The musical production, presented by the Company Company at the Circular Congregational Church, is a whimsical cascade of adolescent charm. The show ruminates on childhood dilemmas, pondering such questions as growing up and puppy love, and provides audiences young and old with a delightful time capsule into which they can sit and relax, laugh and remember the days when the backyard was as big as the entire world.
The initial reaction to this production might be to roll your eyes and demand something new — a musical that's entertaining and wholesome, but has not been performed over and over again for over 30 years.
But after watching this enthusiastic cast, after interacting with the children behind the ticket counter and the sweet old ladies stuffing programs, it becomes apparent that what this production lacks in originality, it more than makes up for in spirit and good nature.
Sure, the hard pews of the old church grew unbearable before the first half was complete. Sure, I knew that Charlie Brown would be a specimen of immaculate discomfort. But I was also sure that along the way there would plenty of laughs and room for reminiscing. With these realities firmly in place, I slipped into the make-believe world of the Peanuts, whose predicaments resonate because they are so much like our own.
The Circular Congregational Church is a lovely, appropriate stage for this production. Its expansive circumference sets the tone for the universal ordeals of childhood. As the piano strikes its first note and the percussion slivers across its cymbals, the familiar harmonies of the Schulz gang find life in the austere setting. Working with a minimal set of multi-colored blocks and a neighborhood cutout for a backdrop, the cast weaves in and out of songs and sketches, doing their best to reintroduce characters that have become part of the American psyche.
These rascals have permeated our imaginations for years. Even now, when Christmas rolls around, I find nostalgic pleasure in Charlie Brown's decades-old cartoon. Take a moment to remember the crew: brainy Linus and his ragged blanket; indecisive Charlie Brown, whose self-inquisition define him as a ringer for a future writer; shrill Lucy, who wears her heart on her sleeve for Schroeder, the Beethoven devotee; Sally, who has a moribund, blunt interpretation of her emotions; and Snoopy, that cantankerous pooch with clear logic and moody dramatics in every bark.
The cast distinguishes You're a Good Man, Charlie Brown.
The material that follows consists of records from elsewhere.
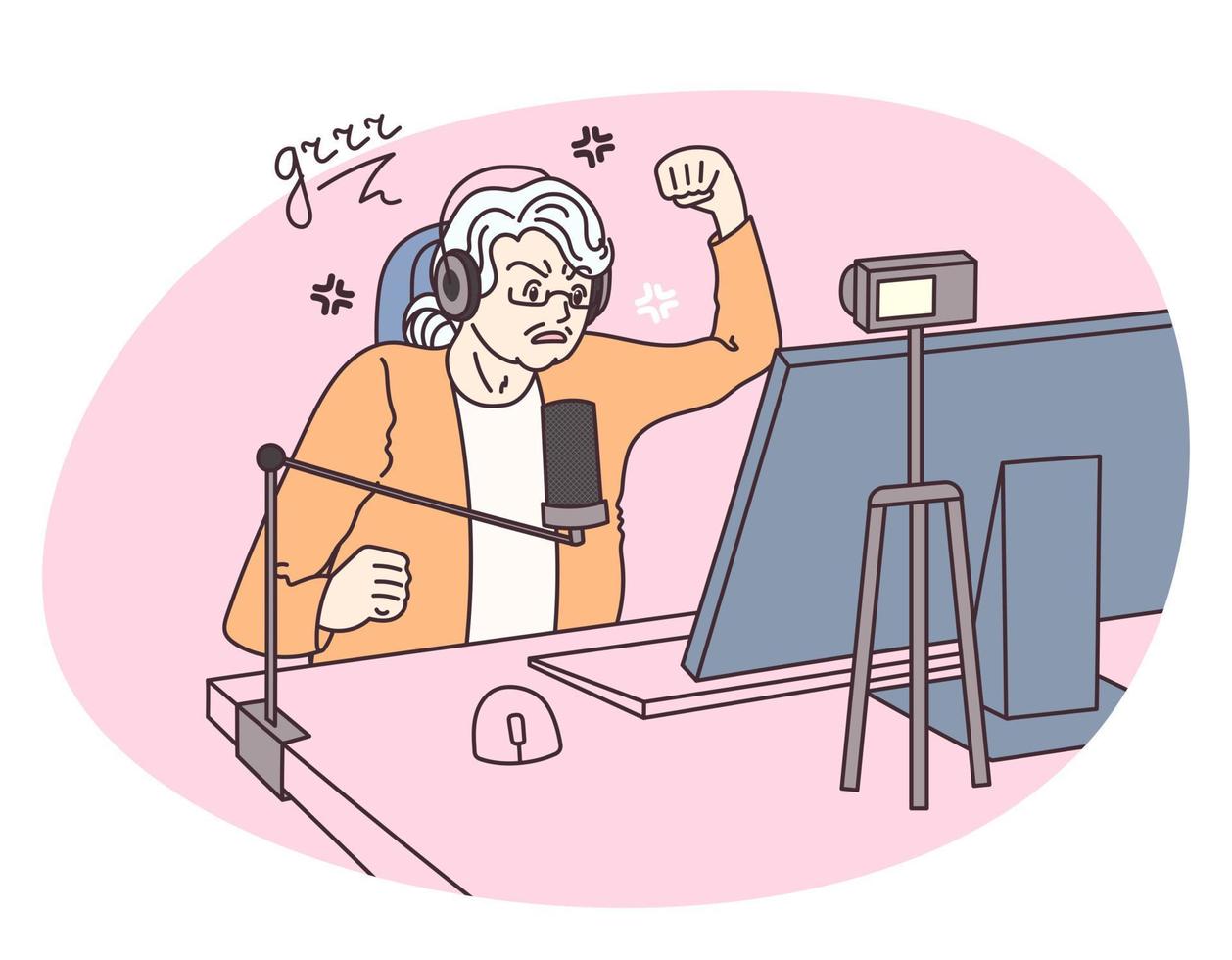 Grandma streamer. Elderly woman hosts live-streaming video event. Older generation using modern tech. Angry grandmother. Vector illustration isolated on white background.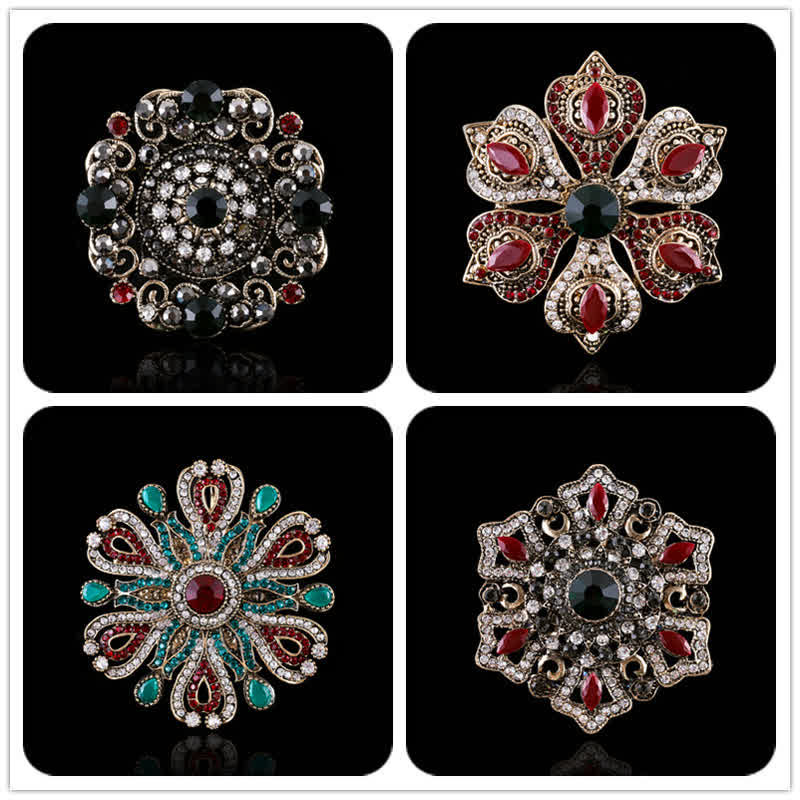 Broche de cristal barroco de palacio para mujer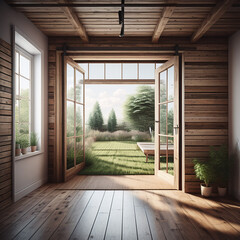 Obraz premium Modern empty room with open doors interior design generated.Ai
Whether exchanging dialogue or meeting in song, the young performers (most of them live and work in Charleston) bring substantial energy and pride to their interpretations.
Robbie Thomas' version of Charlie Brown is as dead-on as an adult's can be. His malleable facial expressions evoke Charlie's pain and ebullience. Elizabeth Ferraro's Lucy is coquettish and opportunistic, the overly confident girl you love to hate. And Jamie Smithson's Snoopy is a lanky, amiable rogue, doling sarcasm as naturally as a dog lifting his leg over a fire hydrant. In the end, the Company Company found comfort atop the same revered doghouse that has inspired three generations of Charlie Brown revivals.